Quem lidera a ranking das dez empresas com mais pedidos é a Mineração Silvana Indústria e Comércio – controlada pela Mineração Santa Elina -, com 735 requerimentos em territórios indígenas. Fora dessas áreas, ela possui apenas 125 solicitações, o que mostra a aposta da empresa em uma futura regulamentação. A Repórter Brasil entrou em contato com Santa Elina, mas a empresa não quis se posicionar.
A Vale aparece na segunda colocação com 216 pedidos que, se aprovados, irão afetar 1,8 milhão de hectare dentro dos territórios indígenas. A Vale informou à Repórter Brasil que “por ser uma empresa de grande porte e com ampla inserção territorial, considera o relacionamento com comunidades como um dos aspectos relevantes de sua atividade e a relação é pautada pelo respeito à cultura local e pela valorização da diversidade”.
Apesar de a cobiça empresarial às riquezas do subsolo serem grandes, ainda não se sabe o que pode acontecer com esses pedidos de pesquisa.
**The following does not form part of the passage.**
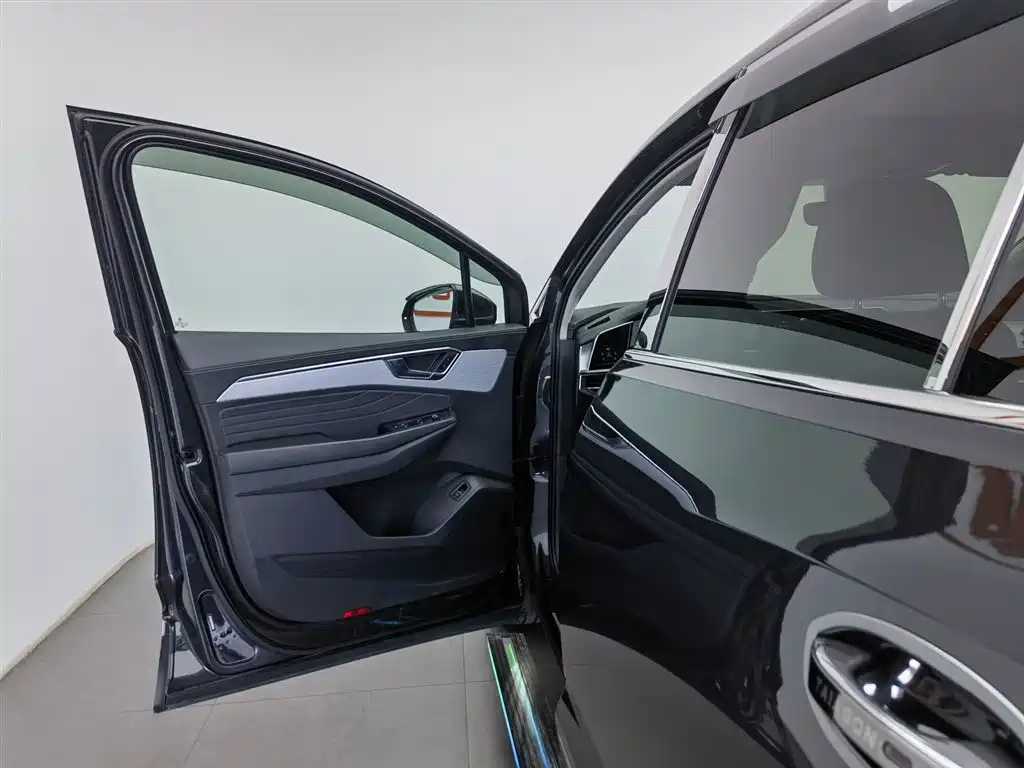 Volkswagen Landscape 2023 Facelift 380TSI AWD Luxury Jiajing Pro 7 Seat 2023 - thumbnail 8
Isso porque, pela legislação atual sobre mineração em geral, tem prioridade de exploração a empresa que fez o pedido primeiro. No entanto, o secretário Oliveira avalia alterar o critério para que a exploração seja dada por meio de consulta pública, uma espécie de licitação entre as empresas, priorizando aqueles que têm capacidade técnica de explorar a área e o minério.